Monday, February 8, 2016

On my reading table this winter: Vegetable Gardening for Dummies


Winter 2011

This winter my reading stack of books includes Vegetable Gardening for Dummies. If you had seen the puny vegetables I grew when we lived in the Seattle area, you might have bought this book for me and insisted I memorize it. I always started out with great expectations and early success. My sugar snap peas grew well, probably because Seattle's cool, wet springs are a pea patch’s heaven. Unfortunately, two of my garden staff’s second favorite vegetable (after tomatoes) is fresh peas.

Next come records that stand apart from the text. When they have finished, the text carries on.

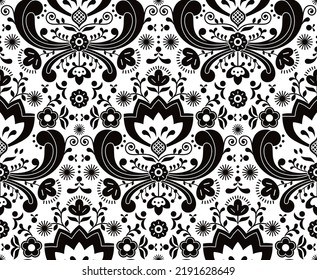 Patrón transparente del vector de arte folclórico noruego - Diseño de bordado estilo Rosemaling en blanco y negro.   
Fondo floral repetitivo inspirado en el arte tradicional noruego aislado en blanco  
  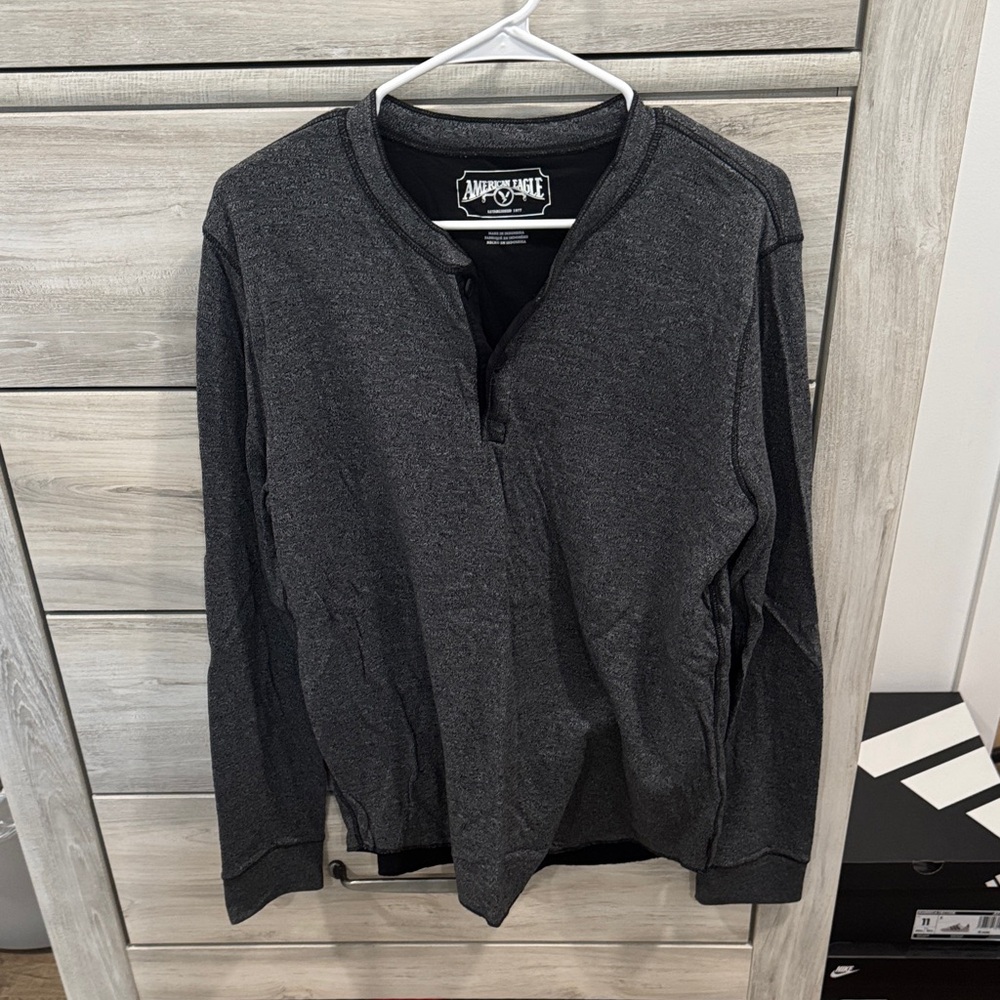 American Eagle Outfitters Men's Charcoal Long Sleeve Shirt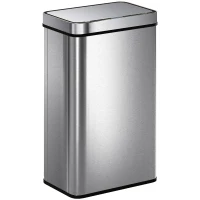 HOMCOM 60 L Sensor Can,  Sensor Bin with Soft-Close Lid, Fingerprint-Proof Stainless Steel, Silver Tone(m-1)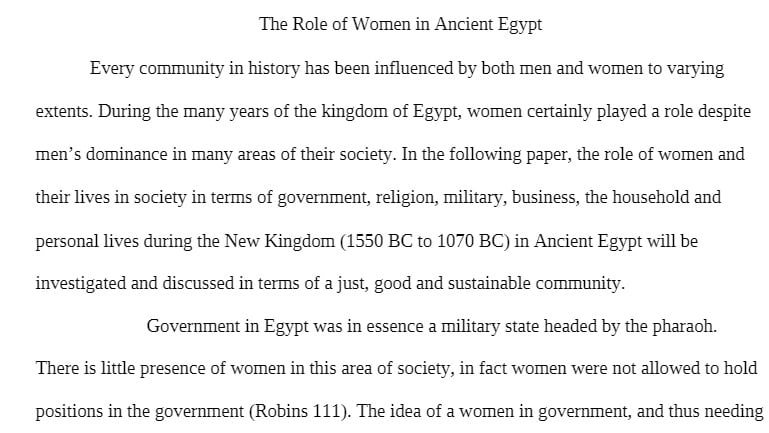 COR 120 COR120 COR/120 Concepts of Community Women In Ancient Egypt Essay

Every afternoon, Kaylee, our golden retriever, and Rags, our Old English sheepdog, waited impatiently for pea-picking time. As soon as they saw me coming out the back door, holding a red colander, they would race to the garden fence and start panting. Most days I would end up feeding them the peas I’d planned to toss into the pasta for that evening’s dinner. I love to eat fresh, raw peas, too, so very little of my crop seemed to make it as far as the kitchen.

My other vegetable crops were less impressive. (I am stretching the elastic meaning of “crops” so far that, when I let go of the word, it might just shoot backwards and snap me in the face.) The lettuce patch would typically be one day away from picking, for a week of dinner salads, when I would forget to replenish the slug bait around the garden bed. The next morning, I would find only a chewed-off, ragged row of green stems, instead of healthy bibb, buttercrunch and Quatre Saisons lettuce plants. It’s so galling to have to go to the market to buy salad greens, when you know the slugs are passing the bleu cheese dressing around their own dinner table.

I planted corn, beans and cucumbers during one of Seattle infamous false springs: a few days of 70 degree-weather, lasting just long enough to lure impetuous gardeners like me from out of our winter burrow holes. As soon as we planted our seeds, the sunny joke was over, and the cold rains began. My corn seeds never did sprout. Probably the poor little seeds shivered and drowned. A few cucumber plants made it above ground, but languished without sun, turned yellow, and collapsed long before they had even flowered. And the slugs added fresh bean pods to their springtime menu. (I'll wait to tell you about my pumpkin patches over the years, until we’re closer to autumn. There is something to be said for delayed humiliation.)

The pressure to grow vegetables successfully will be greater here in northern Idaho. I won’t be able to blame any crop failures on four months of rainy, cold springtime and three-week summers. In Seattle, only my immediate family and closest friends knew about the vegetable casualties in my garden. This time, I’m writing about it. I will rely on your compassion as you read. This spring my husband, Lee, will build raised beds inn our west yard, and I will fill them with rows of vegetable seeds and young plants. In the meantime, I’m studying “Vegetable Gardening for Dummies” and wondering if gardening here means I won’t have to order a truckload of slug bait.